An Orphan Tells Her Story

May 26, 2020
By Stavros T. Stavridis

I decided to write down my life story in 1999 before I die. My name is Aliki Swann and I was born to Greek parents (Eleftherios and Maria Mastoris) in Constantinople in May 1910. My father was a successful businessman who often traveled to Athens for business. My mother ran the household and raised us, five children. I had two brothers and two sisters who were older than me. 

When Turkey entered the war in October 1914, my father was on a business trip to Athens. He decided to remain there to avoid conscription in the Ottoman army. He opened up a branch in Athens which allowed him to survive there. He wired money to the family in Constantinople.

Eleftherios had a passing interest in Greek politics but stuck to his business without revealing his political leanings. My father was angry over the Royalist government's decision to allow a German-Bulgarian force to occupy Greek soil in June 1916. However, he plodded on with his business until Eleftherios Venizelos established his provisional administration in Salonika in opposition to King Constantine's government in Athens.

He enlisted with the Venizelists and fought against the Bulgarians on the Salonika front. He died from his wounds in early 1918. My mother went into a deep depression learning of his death. I believe my mother had received the sad news via the Spanish Embassy in Constantinople. She never recovered and died of a broken heart in early January 1921.

I remember mother telling us of the difficulties of daily life in Constantinople during the war. We faced shortages of food, heating coal, and high prices. The money our father sent helped us to survive somehow. Within a space of a few years, my siblings died making me an orphan. I didn't have any relatives to take of me or knew of any until I came to live in America.

I wandered through the streets of Constantinople begging to survive. Some people gave me food and others threw a coin or two into my begging bowl. One day I came across a Greek orphanage called Agia Varvara run by Greek nuns. I knocked on the door and this nun took me inside. She was sympathetic to me. This orphanage was also receiving financial support from the Near East Relief (NER) organization. Some 100 orphans were living here who looked well-fed, well-clothed and happy. It put a smile on my face, Little did I know that my life was to change in the coming months.
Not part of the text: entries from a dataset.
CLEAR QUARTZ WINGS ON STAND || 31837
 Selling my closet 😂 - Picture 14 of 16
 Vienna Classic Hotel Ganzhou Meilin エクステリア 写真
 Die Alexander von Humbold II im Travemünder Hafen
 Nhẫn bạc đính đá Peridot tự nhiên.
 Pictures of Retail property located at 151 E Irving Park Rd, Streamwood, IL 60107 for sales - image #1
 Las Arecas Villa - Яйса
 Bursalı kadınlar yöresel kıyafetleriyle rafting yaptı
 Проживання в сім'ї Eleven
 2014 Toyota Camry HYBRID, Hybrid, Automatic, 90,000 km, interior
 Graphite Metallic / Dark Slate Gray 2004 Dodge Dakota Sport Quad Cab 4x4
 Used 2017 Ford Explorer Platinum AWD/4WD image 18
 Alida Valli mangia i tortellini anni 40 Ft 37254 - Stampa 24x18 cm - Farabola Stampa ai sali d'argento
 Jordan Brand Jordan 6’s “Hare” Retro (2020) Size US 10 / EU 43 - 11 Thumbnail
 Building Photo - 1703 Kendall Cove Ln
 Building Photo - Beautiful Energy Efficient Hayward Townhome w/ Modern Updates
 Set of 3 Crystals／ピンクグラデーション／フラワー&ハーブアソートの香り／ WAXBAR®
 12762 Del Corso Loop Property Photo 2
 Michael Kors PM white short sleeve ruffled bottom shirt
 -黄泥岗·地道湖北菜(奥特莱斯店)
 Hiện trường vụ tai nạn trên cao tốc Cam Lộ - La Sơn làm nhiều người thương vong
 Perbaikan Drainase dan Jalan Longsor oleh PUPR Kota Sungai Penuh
In the middle of 1921, Mrs. Florence Johnson, a prominent socialite from New York City, visited our orphanage. She was part of a mission to make a movie about the activities of the field stations and orphanages run by the NER in Constantinople and other regions in Asia Minor and the Caucasus. The idea behind the film was to raise public awareness and solicit donations from the American public. Mrs. Johnson took a liking to me from the outset.

I played a young American girl in the film Alice in Starvingland. The plot involved a young girl named Alice who stowed away on a ship for Constantinople where she met her a father, an NER worker where both embarked on tours of NER orphanages and relief stations in Turkey and the Caucasus. Young Alice met healthy orphans who entertained her with Greek and Armenian songs. She was saddened to see orphans denied admission due to a lack of resources. Alice understood it was impossible to care for every orphan and was inspired to assist them upon her return to America.

Florence Johnson liked me so much that she adopted me as her daughter. My Uncle Socrates Peropidis (my father's brother) challenged my adoption in a New York City court. He tried everything to have my adoption overturned but Florence fought him tooth and nail to keep me. In the end, the judge asked me whom I wanted to live with. " I want to live with Florence", I said. Poor! Uncle Socrates, he was very upset with my decision. Nevertheless, we became good friends and visited his family as often as possible. I had no idea that my father had relatives living in America and my mother never discussed them either.

The film was screened in New York City, Manchester (New Hampshire), Boston and Washington DC on December 20, 1921, and 1922. I had the opportunity along with Florence to visit many towns and cities on the east coast to promote the film. The actors portrayed in the film were the orphans themselves.

Church organizations screened the film helping to raise money for the NER. The film was an outstanding success with school children and adults seeing the work of the NER in Asia Minor and the Caucasus. It inspired Americans old and young to donate money to this worthy cause. I was so happy that I contributed to helping out the orphans.

My school attendance was constantly interrupted as we traveled around the country for the NER and later the Near East Foundation (NEF)  raising funds through bazaars and serving Greek coffee. I met this wonderful young girl, Debora Zaimi who graduated from an NEF school in Tirana, Albania who came to America and lived with us for a while. We became very close friends. 

I completed high school and enrolled at Allegany University in Lexington, Kentucky in 1930. I met my future husband, John L.Swann, a dance instructor at Arthur Murray studios, and got married on September 20, 1939. We had two daughters where I taught them to care about orphans and the least fortunate in our society. Most of what I taught them came from the fictional character, Alice in Starvingland. I am proud to state that my daughters have followed in my footsteps working and raising money for the NEF.

I received a medal from the NEF for my contribution to the organization in May 2000. It felt marvelous to receive such an honor.